Activity:
Reproduce, word for word, every line starting at the line that contains "Fitness Running Basketball" and ending with the final line of the entries.

══ Extracted records

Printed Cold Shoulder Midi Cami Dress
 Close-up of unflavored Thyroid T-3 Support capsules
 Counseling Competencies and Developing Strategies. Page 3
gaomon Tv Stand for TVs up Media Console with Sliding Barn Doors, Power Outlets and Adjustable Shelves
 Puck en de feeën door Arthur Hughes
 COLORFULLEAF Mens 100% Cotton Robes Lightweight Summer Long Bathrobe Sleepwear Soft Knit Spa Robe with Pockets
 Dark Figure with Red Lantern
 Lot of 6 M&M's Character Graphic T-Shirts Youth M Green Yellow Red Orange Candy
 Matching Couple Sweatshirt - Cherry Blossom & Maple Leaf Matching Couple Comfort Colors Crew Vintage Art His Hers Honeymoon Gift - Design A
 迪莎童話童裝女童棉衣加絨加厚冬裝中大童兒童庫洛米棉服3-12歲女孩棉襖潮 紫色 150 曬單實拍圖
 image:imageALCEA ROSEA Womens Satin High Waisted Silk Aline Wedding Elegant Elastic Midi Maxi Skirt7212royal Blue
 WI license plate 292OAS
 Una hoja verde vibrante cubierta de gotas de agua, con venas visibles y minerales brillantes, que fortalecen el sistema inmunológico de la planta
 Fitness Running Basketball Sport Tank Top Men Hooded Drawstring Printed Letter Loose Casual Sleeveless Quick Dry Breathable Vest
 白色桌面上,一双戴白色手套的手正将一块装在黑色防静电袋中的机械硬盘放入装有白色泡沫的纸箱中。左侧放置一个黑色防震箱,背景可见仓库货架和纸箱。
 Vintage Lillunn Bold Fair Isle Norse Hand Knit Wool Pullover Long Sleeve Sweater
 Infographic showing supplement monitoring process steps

════

Solution for this problem:
 Fitness Running Basketball Sport Tank Top Men Hooded Drawstring Printed Letter Loose Casual Sleeveless Quick Dry Breathable Vest
 白色桌面上,一双戴白色手套的手正将一块装在黑色防静电袋中的机械硬盘放入装有白色泡沫的纸箱中。左侧放置一个黑色防震箱,背景可见仓库货架和纸箱。
 Vintage Lillunn Bold Fair Isle Norse Hand Knit Wool Pullover Long Sleeve Sweater
 Infographic showing supplement monitoring process steps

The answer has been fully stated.